# Task objective:
Each line below that carries the string "Crystal" must appear in the answer.

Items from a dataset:
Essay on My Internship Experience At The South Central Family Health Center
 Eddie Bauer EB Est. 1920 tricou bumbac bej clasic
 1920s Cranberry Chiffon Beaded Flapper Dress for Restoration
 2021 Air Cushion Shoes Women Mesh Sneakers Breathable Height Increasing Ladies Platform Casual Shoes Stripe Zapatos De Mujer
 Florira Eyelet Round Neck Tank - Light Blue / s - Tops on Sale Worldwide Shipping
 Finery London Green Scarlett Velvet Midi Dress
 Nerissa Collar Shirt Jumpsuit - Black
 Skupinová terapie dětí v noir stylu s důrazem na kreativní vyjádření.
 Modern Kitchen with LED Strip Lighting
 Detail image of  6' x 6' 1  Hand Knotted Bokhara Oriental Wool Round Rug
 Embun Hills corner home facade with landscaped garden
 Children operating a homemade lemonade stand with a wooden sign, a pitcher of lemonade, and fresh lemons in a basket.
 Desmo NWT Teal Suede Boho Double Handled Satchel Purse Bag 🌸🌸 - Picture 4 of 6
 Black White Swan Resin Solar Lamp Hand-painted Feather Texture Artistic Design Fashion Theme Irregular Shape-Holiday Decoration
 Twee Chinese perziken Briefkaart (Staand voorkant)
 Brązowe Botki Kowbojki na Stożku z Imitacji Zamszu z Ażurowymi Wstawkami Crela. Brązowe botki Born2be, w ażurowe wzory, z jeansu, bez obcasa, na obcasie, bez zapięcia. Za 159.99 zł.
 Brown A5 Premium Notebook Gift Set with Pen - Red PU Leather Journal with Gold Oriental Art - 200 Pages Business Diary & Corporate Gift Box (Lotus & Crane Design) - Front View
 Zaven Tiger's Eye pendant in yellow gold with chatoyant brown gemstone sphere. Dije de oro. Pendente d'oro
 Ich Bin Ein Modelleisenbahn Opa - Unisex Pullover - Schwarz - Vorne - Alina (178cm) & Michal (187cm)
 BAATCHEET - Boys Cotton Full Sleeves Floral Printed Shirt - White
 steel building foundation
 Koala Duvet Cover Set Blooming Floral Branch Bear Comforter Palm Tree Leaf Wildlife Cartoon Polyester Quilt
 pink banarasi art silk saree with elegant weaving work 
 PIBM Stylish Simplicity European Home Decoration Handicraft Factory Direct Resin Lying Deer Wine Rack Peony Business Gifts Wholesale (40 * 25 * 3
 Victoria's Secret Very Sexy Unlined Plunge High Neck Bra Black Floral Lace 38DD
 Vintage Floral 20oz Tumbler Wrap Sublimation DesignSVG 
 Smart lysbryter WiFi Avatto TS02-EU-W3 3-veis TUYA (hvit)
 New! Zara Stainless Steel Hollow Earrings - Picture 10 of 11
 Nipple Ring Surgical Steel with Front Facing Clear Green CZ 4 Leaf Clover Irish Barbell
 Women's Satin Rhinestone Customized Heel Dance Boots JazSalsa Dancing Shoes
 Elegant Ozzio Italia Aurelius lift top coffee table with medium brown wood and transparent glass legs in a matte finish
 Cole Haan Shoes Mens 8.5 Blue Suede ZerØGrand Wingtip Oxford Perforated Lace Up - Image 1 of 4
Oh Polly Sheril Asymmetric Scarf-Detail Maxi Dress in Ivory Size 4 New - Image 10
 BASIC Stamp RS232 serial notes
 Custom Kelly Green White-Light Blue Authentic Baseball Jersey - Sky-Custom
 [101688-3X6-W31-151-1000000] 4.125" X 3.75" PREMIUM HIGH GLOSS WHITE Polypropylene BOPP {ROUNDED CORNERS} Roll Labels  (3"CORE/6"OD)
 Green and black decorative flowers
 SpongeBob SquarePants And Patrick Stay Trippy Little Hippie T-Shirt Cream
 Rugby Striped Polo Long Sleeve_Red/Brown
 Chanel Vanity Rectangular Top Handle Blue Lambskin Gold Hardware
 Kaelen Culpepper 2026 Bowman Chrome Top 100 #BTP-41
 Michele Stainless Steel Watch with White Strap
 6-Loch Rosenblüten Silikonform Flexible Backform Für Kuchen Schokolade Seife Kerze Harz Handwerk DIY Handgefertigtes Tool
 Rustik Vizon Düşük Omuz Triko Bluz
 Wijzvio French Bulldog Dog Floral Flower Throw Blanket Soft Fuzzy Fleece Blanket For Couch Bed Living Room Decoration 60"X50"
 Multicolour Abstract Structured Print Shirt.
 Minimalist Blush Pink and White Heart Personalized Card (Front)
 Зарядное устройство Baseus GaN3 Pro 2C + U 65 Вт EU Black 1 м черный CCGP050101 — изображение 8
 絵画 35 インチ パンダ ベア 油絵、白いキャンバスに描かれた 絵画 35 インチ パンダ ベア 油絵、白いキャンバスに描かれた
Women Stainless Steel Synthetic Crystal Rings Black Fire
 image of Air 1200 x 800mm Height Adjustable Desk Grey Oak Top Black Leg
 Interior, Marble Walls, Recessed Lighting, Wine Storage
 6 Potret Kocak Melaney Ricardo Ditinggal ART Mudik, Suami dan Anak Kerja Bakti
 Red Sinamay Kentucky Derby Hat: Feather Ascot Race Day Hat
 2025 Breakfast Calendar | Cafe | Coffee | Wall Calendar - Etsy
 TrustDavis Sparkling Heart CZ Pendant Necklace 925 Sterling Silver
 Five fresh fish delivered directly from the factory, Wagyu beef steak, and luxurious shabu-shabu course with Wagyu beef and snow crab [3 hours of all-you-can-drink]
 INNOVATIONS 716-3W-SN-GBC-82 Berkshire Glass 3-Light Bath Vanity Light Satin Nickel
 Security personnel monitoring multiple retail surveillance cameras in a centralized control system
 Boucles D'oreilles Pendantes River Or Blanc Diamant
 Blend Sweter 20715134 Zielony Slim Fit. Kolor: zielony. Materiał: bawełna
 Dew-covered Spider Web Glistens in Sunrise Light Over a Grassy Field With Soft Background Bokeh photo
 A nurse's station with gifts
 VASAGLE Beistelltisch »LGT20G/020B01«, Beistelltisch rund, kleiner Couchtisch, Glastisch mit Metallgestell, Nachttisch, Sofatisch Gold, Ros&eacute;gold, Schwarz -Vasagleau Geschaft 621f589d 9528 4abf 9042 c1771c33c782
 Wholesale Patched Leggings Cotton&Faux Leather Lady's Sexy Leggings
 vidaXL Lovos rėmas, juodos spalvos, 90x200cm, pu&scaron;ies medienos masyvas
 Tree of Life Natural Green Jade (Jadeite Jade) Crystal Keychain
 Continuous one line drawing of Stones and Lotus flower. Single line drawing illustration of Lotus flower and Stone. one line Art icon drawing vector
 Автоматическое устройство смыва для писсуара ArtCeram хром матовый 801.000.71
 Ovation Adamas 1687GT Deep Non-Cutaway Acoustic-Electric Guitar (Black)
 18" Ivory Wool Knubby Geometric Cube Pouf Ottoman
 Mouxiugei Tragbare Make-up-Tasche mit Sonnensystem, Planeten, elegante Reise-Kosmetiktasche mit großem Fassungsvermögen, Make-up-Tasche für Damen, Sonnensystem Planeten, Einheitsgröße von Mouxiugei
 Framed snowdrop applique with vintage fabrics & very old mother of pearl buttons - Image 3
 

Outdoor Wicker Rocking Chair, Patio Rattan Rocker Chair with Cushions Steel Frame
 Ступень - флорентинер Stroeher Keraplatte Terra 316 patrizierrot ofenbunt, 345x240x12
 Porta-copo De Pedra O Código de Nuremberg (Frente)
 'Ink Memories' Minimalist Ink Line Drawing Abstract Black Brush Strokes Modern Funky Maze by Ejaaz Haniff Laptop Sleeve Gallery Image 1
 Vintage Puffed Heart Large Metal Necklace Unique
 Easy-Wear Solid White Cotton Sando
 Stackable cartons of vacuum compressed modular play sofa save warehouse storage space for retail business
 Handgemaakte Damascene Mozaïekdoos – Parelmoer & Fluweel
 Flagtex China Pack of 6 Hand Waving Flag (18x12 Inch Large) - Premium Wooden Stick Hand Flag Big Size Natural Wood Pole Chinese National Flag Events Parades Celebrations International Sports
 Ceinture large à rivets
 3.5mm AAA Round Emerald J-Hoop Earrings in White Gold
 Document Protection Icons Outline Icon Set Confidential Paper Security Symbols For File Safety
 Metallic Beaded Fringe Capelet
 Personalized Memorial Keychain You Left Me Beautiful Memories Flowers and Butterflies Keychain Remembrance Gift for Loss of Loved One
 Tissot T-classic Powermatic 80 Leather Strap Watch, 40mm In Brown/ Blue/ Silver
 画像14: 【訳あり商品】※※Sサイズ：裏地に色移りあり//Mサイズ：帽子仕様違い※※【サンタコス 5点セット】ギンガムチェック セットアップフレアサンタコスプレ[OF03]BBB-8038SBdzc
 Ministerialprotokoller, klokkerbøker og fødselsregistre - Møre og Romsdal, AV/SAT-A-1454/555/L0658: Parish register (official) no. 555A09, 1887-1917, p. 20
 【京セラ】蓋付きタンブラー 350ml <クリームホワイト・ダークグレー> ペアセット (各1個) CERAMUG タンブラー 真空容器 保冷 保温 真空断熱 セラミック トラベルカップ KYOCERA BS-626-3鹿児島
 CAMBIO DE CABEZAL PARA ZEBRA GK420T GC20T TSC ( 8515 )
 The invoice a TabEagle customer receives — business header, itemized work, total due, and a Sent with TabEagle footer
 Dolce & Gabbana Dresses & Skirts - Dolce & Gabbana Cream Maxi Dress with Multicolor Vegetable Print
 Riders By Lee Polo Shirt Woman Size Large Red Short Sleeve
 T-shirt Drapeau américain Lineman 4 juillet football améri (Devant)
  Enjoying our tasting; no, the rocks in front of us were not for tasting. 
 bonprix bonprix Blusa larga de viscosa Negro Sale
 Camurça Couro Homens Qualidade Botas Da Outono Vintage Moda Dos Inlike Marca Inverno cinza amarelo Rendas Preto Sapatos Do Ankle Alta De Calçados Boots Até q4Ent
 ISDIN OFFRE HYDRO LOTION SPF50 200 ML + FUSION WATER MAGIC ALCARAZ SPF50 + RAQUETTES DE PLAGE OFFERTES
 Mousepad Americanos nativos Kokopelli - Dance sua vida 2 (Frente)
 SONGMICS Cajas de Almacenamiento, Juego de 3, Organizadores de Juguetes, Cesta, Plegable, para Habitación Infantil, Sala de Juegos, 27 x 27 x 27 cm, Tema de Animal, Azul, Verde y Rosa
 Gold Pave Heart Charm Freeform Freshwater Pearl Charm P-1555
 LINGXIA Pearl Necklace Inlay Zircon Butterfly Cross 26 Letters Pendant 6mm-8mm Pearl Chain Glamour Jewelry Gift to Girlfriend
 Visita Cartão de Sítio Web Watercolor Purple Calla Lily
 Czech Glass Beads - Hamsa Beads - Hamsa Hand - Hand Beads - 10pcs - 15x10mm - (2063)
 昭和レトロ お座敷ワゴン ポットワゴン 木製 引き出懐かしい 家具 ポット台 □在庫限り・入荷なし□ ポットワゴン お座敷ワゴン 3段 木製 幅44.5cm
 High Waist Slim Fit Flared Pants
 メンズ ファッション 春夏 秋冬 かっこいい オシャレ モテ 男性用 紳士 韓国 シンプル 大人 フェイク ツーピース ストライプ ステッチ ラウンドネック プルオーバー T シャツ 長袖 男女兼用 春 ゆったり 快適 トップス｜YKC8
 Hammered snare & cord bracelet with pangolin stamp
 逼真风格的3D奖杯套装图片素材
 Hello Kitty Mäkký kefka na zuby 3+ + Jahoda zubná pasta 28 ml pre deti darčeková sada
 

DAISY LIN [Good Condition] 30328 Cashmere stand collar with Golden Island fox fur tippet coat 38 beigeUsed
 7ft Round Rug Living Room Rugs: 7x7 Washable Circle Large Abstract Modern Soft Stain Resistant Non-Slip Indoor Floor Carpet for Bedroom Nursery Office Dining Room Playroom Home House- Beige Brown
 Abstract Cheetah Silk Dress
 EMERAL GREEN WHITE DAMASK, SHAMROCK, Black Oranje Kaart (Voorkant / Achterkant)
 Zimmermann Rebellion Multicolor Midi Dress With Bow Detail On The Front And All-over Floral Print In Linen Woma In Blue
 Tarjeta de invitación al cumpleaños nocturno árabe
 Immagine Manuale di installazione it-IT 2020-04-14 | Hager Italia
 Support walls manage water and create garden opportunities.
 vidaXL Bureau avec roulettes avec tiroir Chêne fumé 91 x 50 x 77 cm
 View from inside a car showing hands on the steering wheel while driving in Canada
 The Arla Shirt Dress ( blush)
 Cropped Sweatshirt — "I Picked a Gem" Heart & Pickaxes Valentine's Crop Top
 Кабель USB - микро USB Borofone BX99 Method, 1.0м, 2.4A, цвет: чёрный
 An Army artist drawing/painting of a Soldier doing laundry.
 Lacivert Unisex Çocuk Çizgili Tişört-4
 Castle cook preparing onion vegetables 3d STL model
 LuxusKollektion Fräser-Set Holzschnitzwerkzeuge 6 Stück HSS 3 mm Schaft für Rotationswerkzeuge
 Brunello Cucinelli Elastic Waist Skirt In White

# Solution:
Women Stainless Steel Synthetic Crystal Rings Black Fire
 Tree of Life Natural Green Jade (Jadeite Jade) Crystal Keychain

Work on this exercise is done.